* [Instructions for the task]
Given the records below, the lines starting at the line with "There are 18" and ending at the line with "Now if you found" should be output exactly, both end lines kept and pictures left out.

* [Data records]
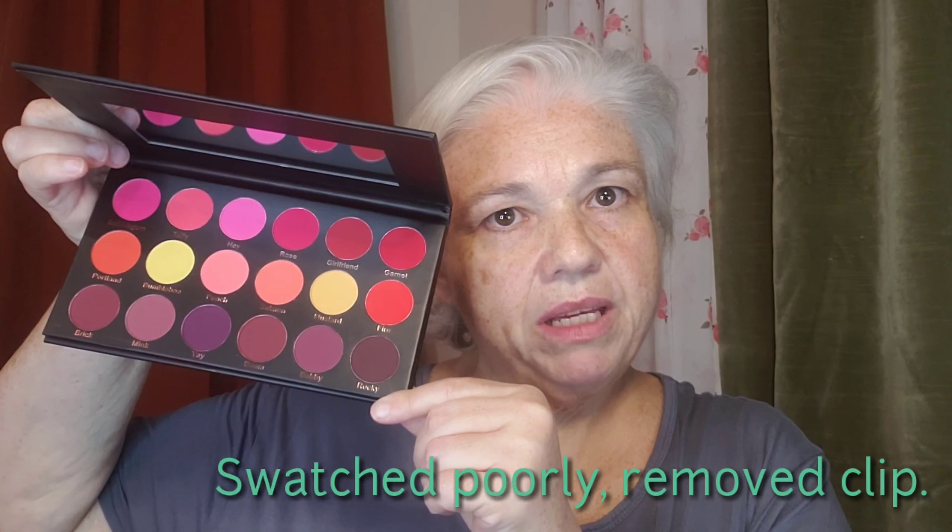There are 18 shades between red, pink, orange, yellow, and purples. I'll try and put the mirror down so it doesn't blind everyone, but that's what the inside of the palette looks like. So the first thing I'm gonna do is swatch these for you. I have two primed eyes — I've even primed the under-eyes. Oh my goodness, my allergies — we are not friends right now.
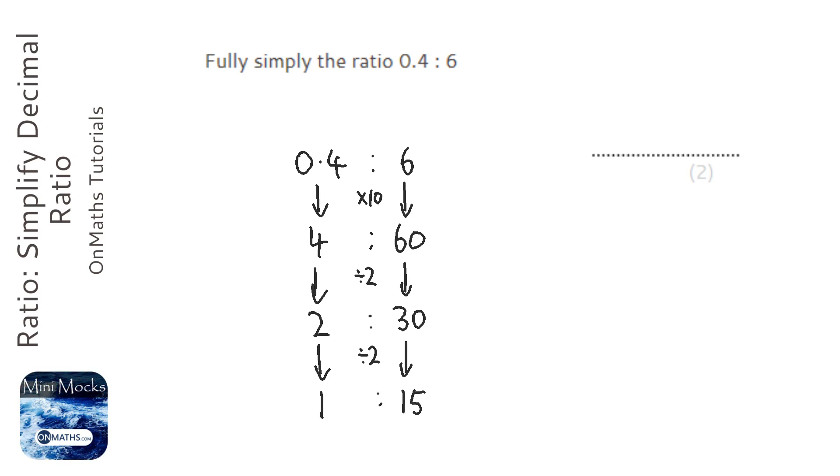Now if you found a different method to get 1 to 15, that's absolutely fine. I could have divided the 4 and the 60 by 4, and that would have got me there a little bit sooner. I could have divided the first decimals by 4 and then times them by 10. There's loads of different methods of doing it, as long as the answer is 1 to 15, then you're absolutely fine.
* * *
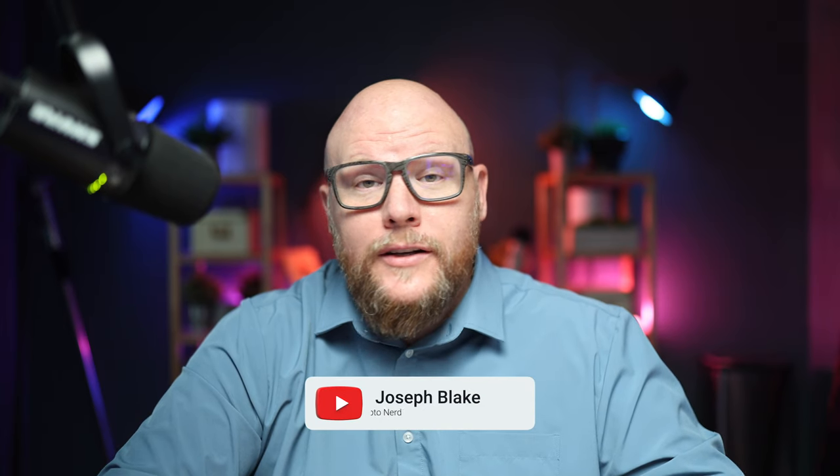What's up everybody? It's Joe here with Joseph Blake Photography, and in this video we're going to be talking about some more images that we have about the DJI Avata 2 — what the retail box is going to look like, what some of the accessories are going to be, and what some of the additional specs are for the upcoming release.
* * *
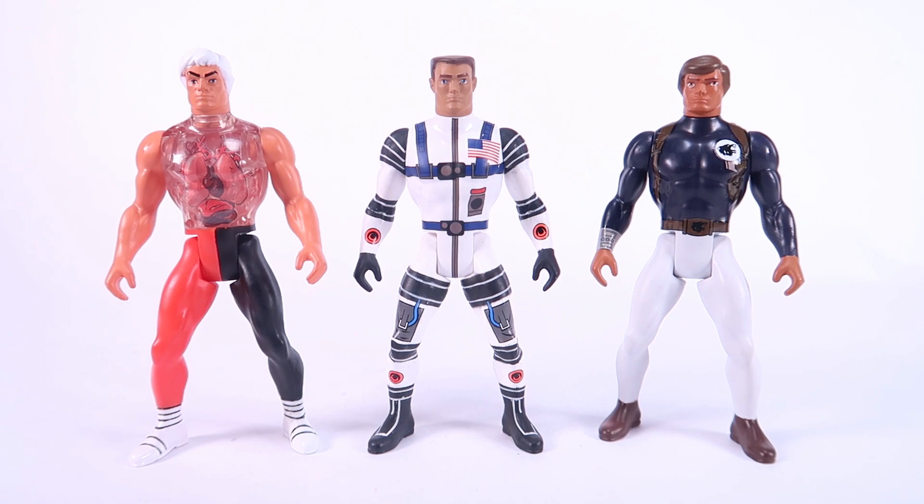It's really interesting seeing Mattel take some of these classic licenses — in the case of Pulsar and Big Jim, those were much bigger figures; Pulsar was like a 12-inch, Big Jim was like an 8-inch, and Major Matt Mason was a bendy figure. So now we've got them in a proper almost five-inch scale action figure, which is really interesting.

* [Expected answer]
There are 18 shades between red, pink, orange, yellow, and purples. I'll try and put the mirror down so it doesn't blind everyone, but that's what the inside of the palette looks like. So the first thing I'm gonna do is swatch these for you. I have two primed eyes — I've even primed the under-eyes. Oh my goodness, my allergies — we are not friends right now.
Now if you found a different method to get 1 to 15, that's absolutely fine. I could have divided the 4 and the 60 by 4, and that would have got me there a little bit sooner. I could have divided the first decimals by 4 and then times them by 10. There's loads of different methods of doing it, as long as the answer is 1 to 15, then you're absolutely fine.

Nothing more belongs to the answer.